Thanks guys and thank you TOGWT for the advice never though of steam but its add something. worst case i get professional to look at them but rather do it myself cheaply.


----------



## judyb (Sep 7, 2007)

No amount of cleaning or 'conditioning' products will help with this problem. Leather will crease depending on the construction of the seat and the inside fillings. Once there there is little that can be done to get rid of them.

The trick is to keep dirt out of the creases as it is the dirt that will eventually damage the finish and cause cracking.

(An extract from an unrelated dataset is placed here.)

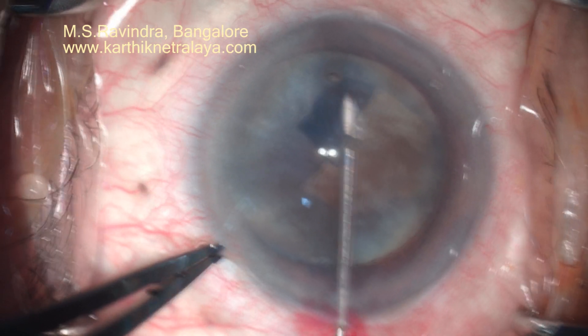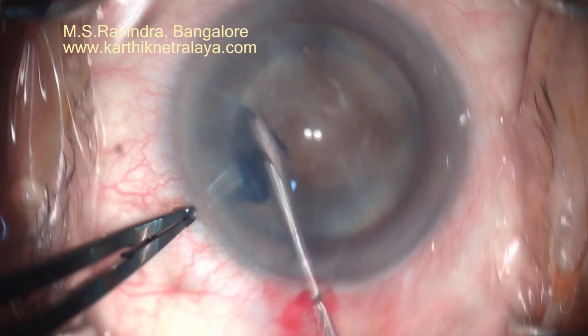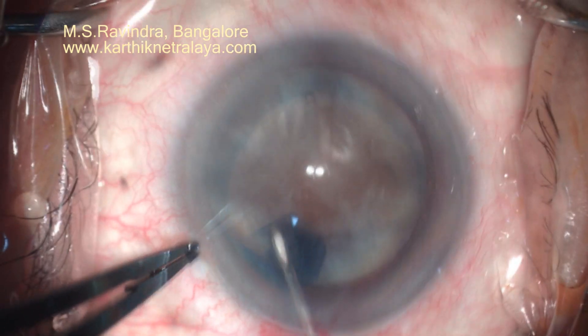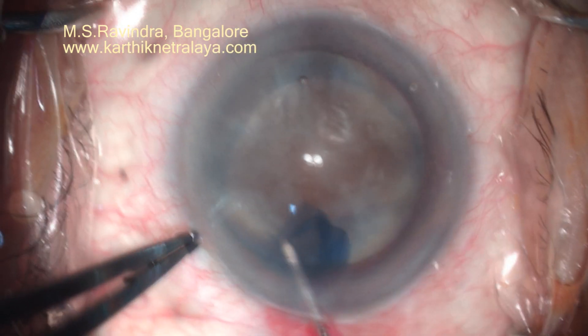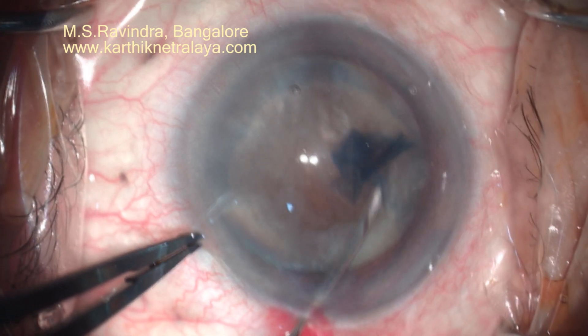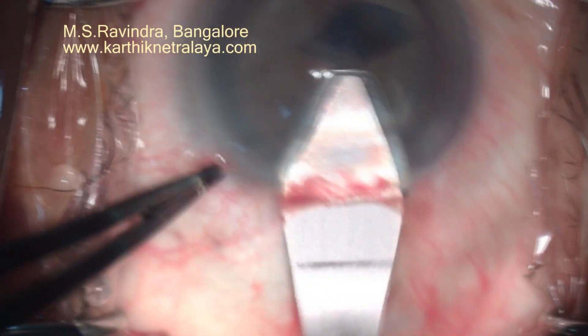I am tentatively making a very large rhexis so that I am not going to jeopardize the zonules when I am extracting the nucleus. As the cataract is not bulging, the rhexis is pretty easy. There is no fluid — the entire thing is nucleus.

Use water based cleaners and protectors to do this maybe using a soft toothbrush to gently work the product into the creases and loosen the dirt. Oil and/or waxed based products will not help this.

If the pigment has already cracked in the creases it may be showing as a whiteish/grey colour which will accentuate the look of the crease. This then requires some pigment restoration to remedy the damage and colour out the discolouration.

Hope this helps

Judy


----------



## raven8472 (Apr 17, 2007)

I borrowed a handheld steam cleaner and the pair of the liquid leather bottles and didnt help at all- guess its gonna have to live with it, the leather is soft and not cracked so guess i should be grateful, im just a perfectionist , always have been esp with my motors. 

Maybe lose some weight, easy how i get out of car and make sure i treat the leather regular, lol


----------



## 190Evoluzione (Jun 27, 2007)

^ :lol:
Too true, cars owned by skinny folk always have better condition seats whereas
the vast majority of used Mercs were owned by fat pie-eating execs and the leather's always fu...


----------



## Frankenstein (Apr 27, 2007)

Cheers 190Evoluzione,
I had better not consume to many more pies in case I damage the seats the seats on my MB, glad to know this is what MB owners are thought of.

Just jesting, though I have noticed creases on my seat and was going to ask same question, car is only 2000 miles, should this be normal in the settling of the leather.
Car has adjustable air bags for bottom of seat and back, can using this on different settings effect or cause leather to crack.
Also will the heaters on the seats affect the leather ??


----------